Definition of compact in this context:
A set $A$ is said to be compact if for any sequence in $A$ there is a convergent subsequence which converges to a value which belongs to $A$.
Prove that if $F$ is a countable collection of open sets that cover a compact set $A$ then a finite number of open sets in $F$ cover $A$. $$$$Suppose that $$F=\bigcup_{k=1}^{\infty}I_k$$ be the countable collection of open sets $I_k$ that cover $A$, I will prove that for some $n$ the collection $$\bigcup_{k=1}^{n}I_k$$ covers $A$. Suppose that this property does not hold then for every $n$ there exists a $a_n$ member of $A$ such that $a_n$ does not belong to the collection $$\bigcup_{k=1}^{n}I_k$$. Now as $a_n$ is a member of set $A$ and as $A$ is compact and hence bounded, so $a_n$ is also bounded, so there exists a subsequence say $b_k$ of $a_n$ such that $b_k$ converges to $b$ which also belong to set $A$ as the set $A$ is compact. Now for every $M$ if we chose any $n>M$ then we see that $a_n$ doesn't belong to the collection $$\bigcup_{k=1}^nI_k$$ and as $n>M$ so $a_n$ also doesn't belong to the collection $$\bigcup_{k=1}^MI_k$$. Now for every $M$ if we chose any $k_0>M$ then as $b_k$ is the subsequence of $a_n$ so there exists a $n_0>k_0$ such that $$a_{n_0}=b_{k_0}$$ and also as $n_0>k_0>M$ and hence as shown above $a_{n_0}=b_{k_0}$ doesn't belong to the collection $$\bigcup_{k=1}^{M}I_k.$$ Now as $b$ also belongs to $A$ so there is some $p_0$ such that $b$ lies in the open set $I_{p_0}$. Now as $I_{p_0}$ is an open set so there exists a $\epsilon>0$ such that the interval $$(b-\epsilon, b+\epsilon)$$ lies in the set $I_{p_0}$. Now as $b_k$ converges to $b$, so there exists a $K_1$ such that for every $k>K_1$ we have $$b-\epsilon < b_k < b+\epsilon$$. Also for $M=p_0$ for every $k>M=p_0$ as shown above $b_k$ doesn't belong to the collection $$\bigcup_{k=1}^{p_0}I_k$$. Now chose $$p=\text{max}(p_0, K_1),$$ then for every $k>p$ we get that $$b-\epsilon < b_k < b+\epsilon$$ and also $b_k$ doesn't belong to the collection $$\bigcup_{k=1}^{p}I_k,$$ but the interval $(b-\epsilon, b+\epsilon)$ lies in the open set $I_{p_0}$ which belongs to the collection $$\bigcup_{k=1}^{p}I_k$$ and hence a contradiction.
Is my proof correct?
I suspect your answer is okay, but quite cumbersome.
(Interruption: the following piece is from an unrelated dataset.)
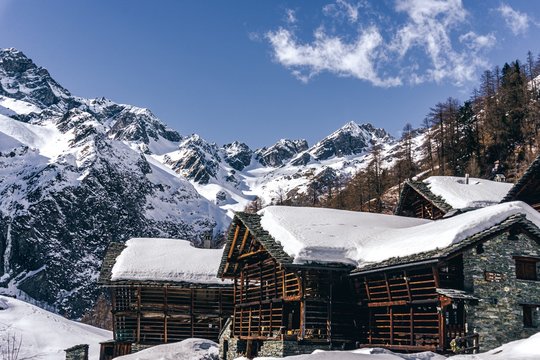 The traditional architecture of the Walser villages in the valleys of Monte Rosa, during a fantastic winter day, near the town of Alagna, Italy - February 2020.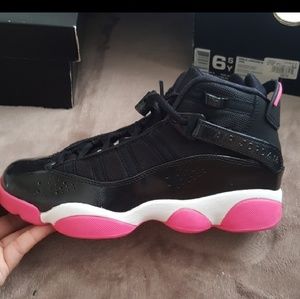 Pink and black jordans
Check yourself on my (more concise) answer.
Assume that $A\subseteq\bigcup_{k=1}^{\infty}I_k$ where the $I_k$ are open sets and assume that for every $n$ we have: $$A-\bigcup_{k=1}^{n}I_{k}\neq\varnothing$$
For every $n$ let $a_{n}\in A-\bigcup_{k=1}^{n}I_{k}$.
Then let $n_{1}<n_{2}<\dots$ such that $\left(a_{n_{i}}\right)_{i}$ is a convergent sequence with limit $a:=\lim_{i\to\infty}a_{n_i}\in A$.
Then $a\in I_{m}$ for some $m$ and - because $I_{m}$ is open - consequently some $i_{0}$ exists with $i\geq i_{0}\implies a_{n_{i}}\in I_{m}$.
This however demands $n_{i}<m$ for every $i$ and a contradiction is found.
We conclude that our assumption was wrong which means that $A\subseteq\bigcup_{k=1}^nI_k$ for some $n$.